#### Records provided
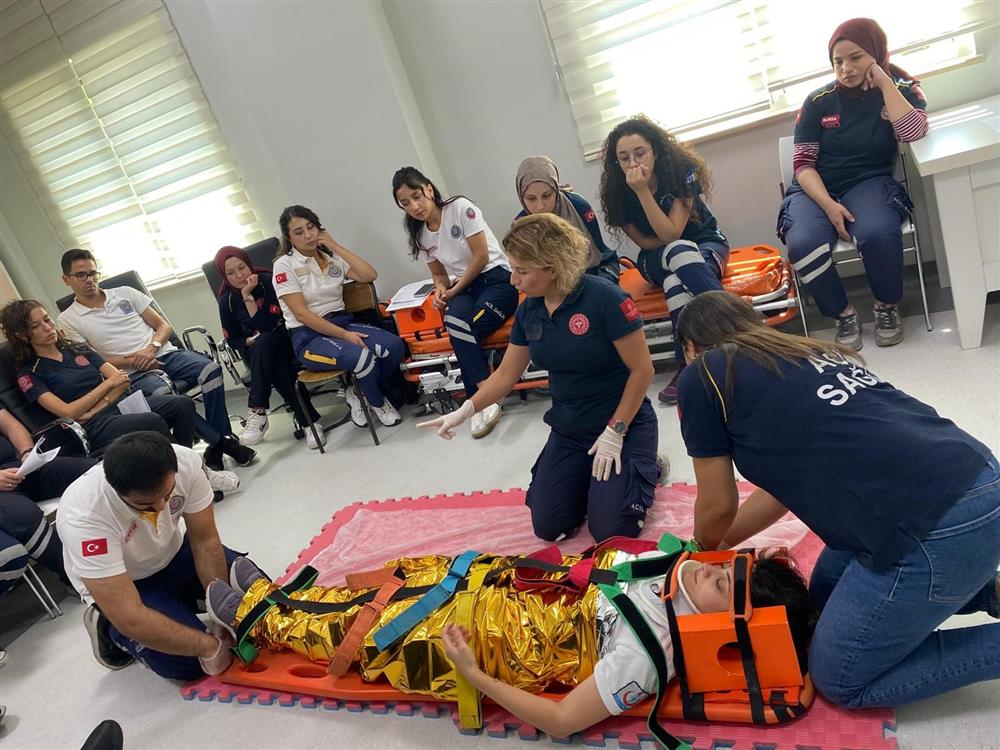 Travma İleri Yaşam Desteği eğitimi düzenlendi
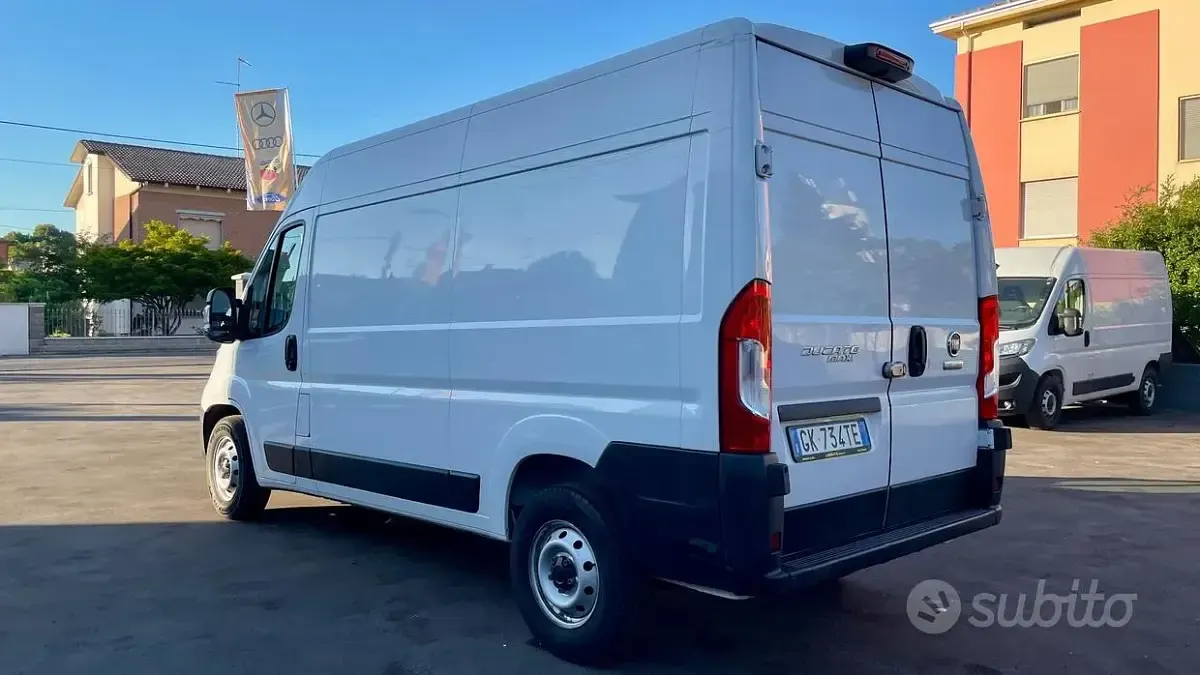Usata Fiat Ducato 140 CV (102 kW) 2023 Bianco Furgone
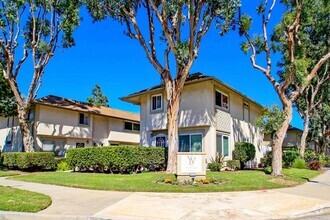 Building Photo - 9674 Pettswood Dr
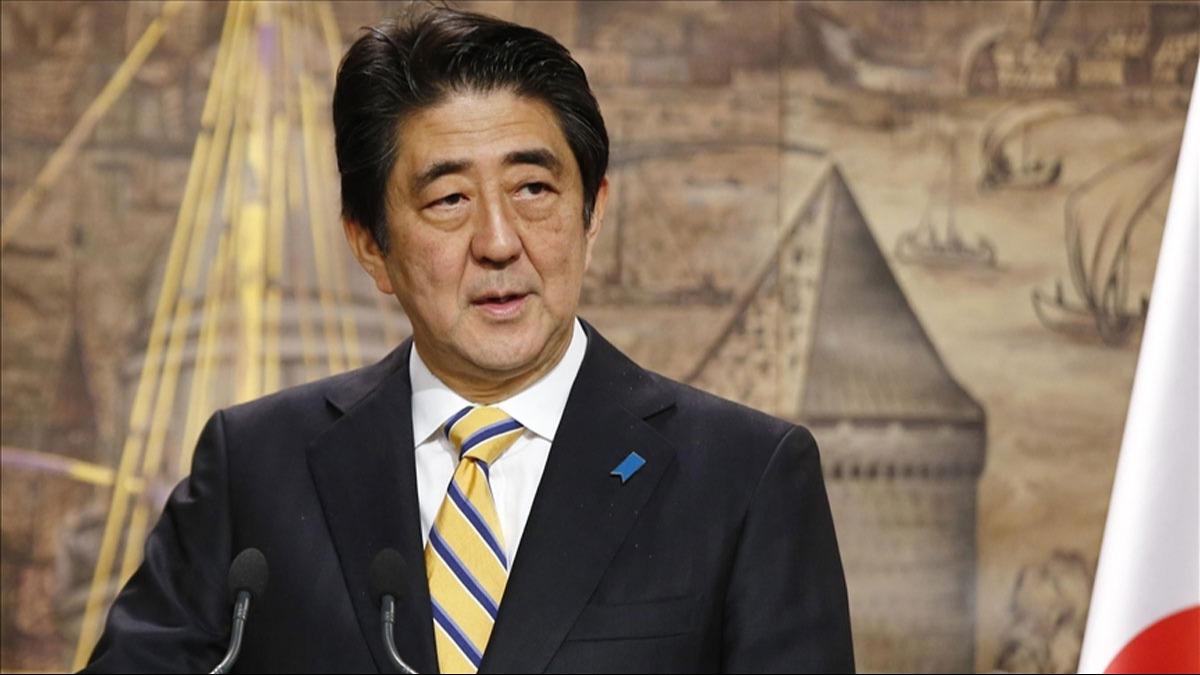 Japon hkmetinde eski Babakan Abe grubuna mensup bakanlar grevden alnacak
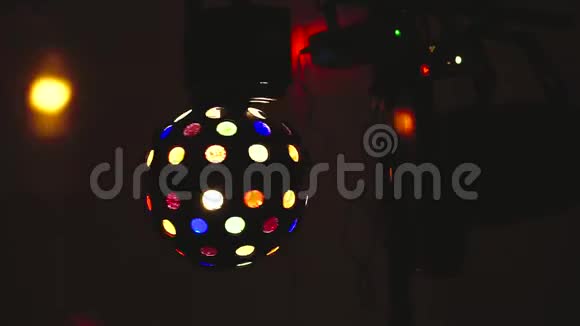 迪斯科灯光彩色粒子背景音乐视频视频的预览图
########
-- Work to complete --
Exact copy required, pictures excluded: the lines from the one holding "Japon hkmetinde eski" through the last line of the data, both ends included.

-- Exercise answer --
 Japon hkmetinde eski Babakan Abe grubuna mensup bakanlar grevden alnacak
 迪斯科灯光彩色粒子背景音乐视频视频的预览图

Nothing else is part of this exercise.